A Bloomberg article details how a draft of the Volcker Rule uses the structure of trader compensation to distinguish between proprietary trading and market making. Exactly right!

Lesson from UBS on trader compensation

The case of the $2.3 billion trading loss at UBS holds many lessons for any company that trades derivatives. Remember, UBS wants to claim its trader was a rogue that victimized the company. There was a time that a bank could shout ‘rogue’ as an effective excuse of senior management. But that time is now long past. There have been plenty of penetrating questions asked about the self-evident shoddiness of UBS’ control systems. Another area that deserves scrutiny is the compensation system. How is a trader’s pay determined?

Pay should be for performance. But what counts as performance?
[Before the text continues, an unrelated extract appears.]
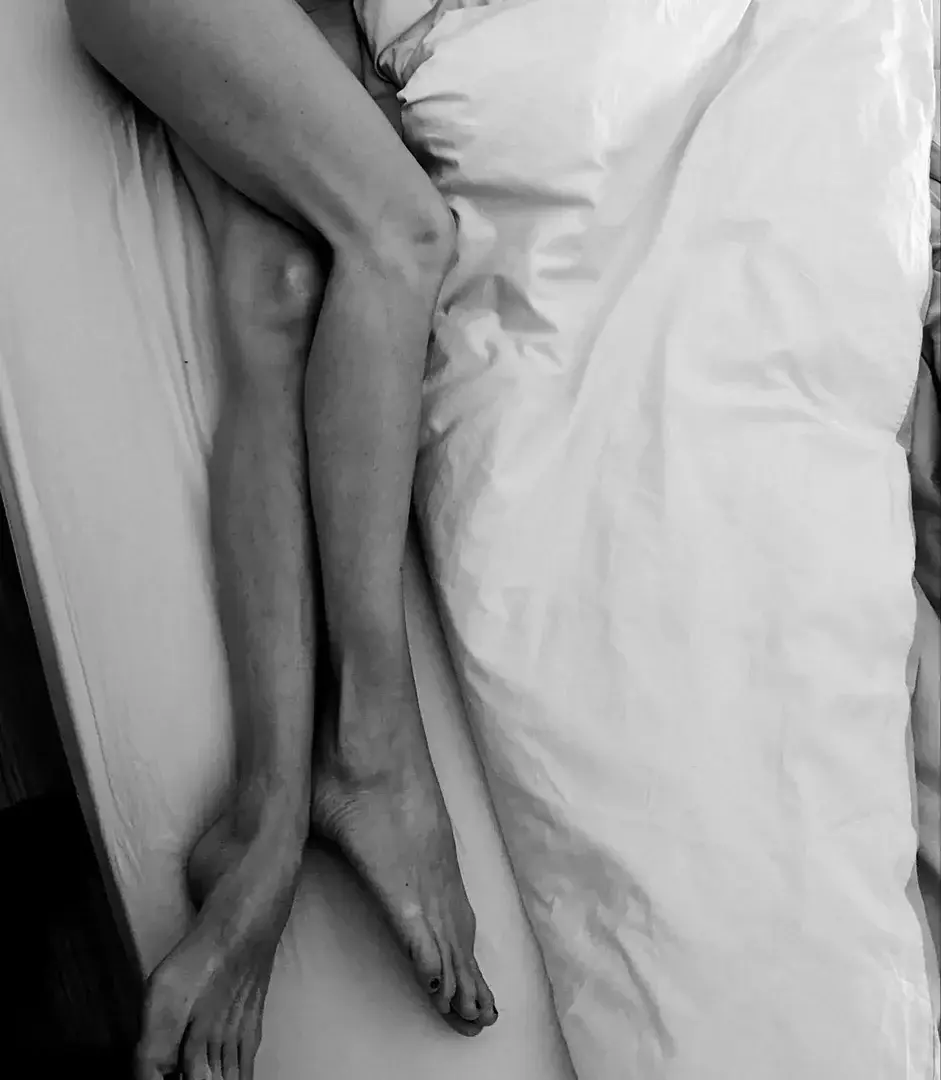 Leak & nude 13 — Supermerveillefeetandmore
The metrics for performance on a proprietary trading portfolio should be different from the metrics for performance by a market maker. A market maker ought to be compensated, in part, for how successfully s/he is hedging trades. For a market maker, outsized gains on the unhedged component should not count towards a bonus, whereas for a trader running a proprietary portfolio, they should.

How was performance measured at UBS’ Delta One desk? If the traders were being rewarded based on the total profitability of the desk, then UBS was incentivizing them to speculate, and the Delta One desk shouldn’t be described as customer facing or market making.

This same lesson applies to non-financial companies that hedge through their own trading desk. The metrics for performance on hedging should incentivize minimizing risk. The metrics should measure risk reduction. When the desk reports big profits — after netting out the matched positions — that’s a bad sign, not a good one.

If you pay out bonuses when bets payoff, be prepared to see some bets that lose big, too. It’s not a rogue trader if the risky bets are rewarded by the compensation system.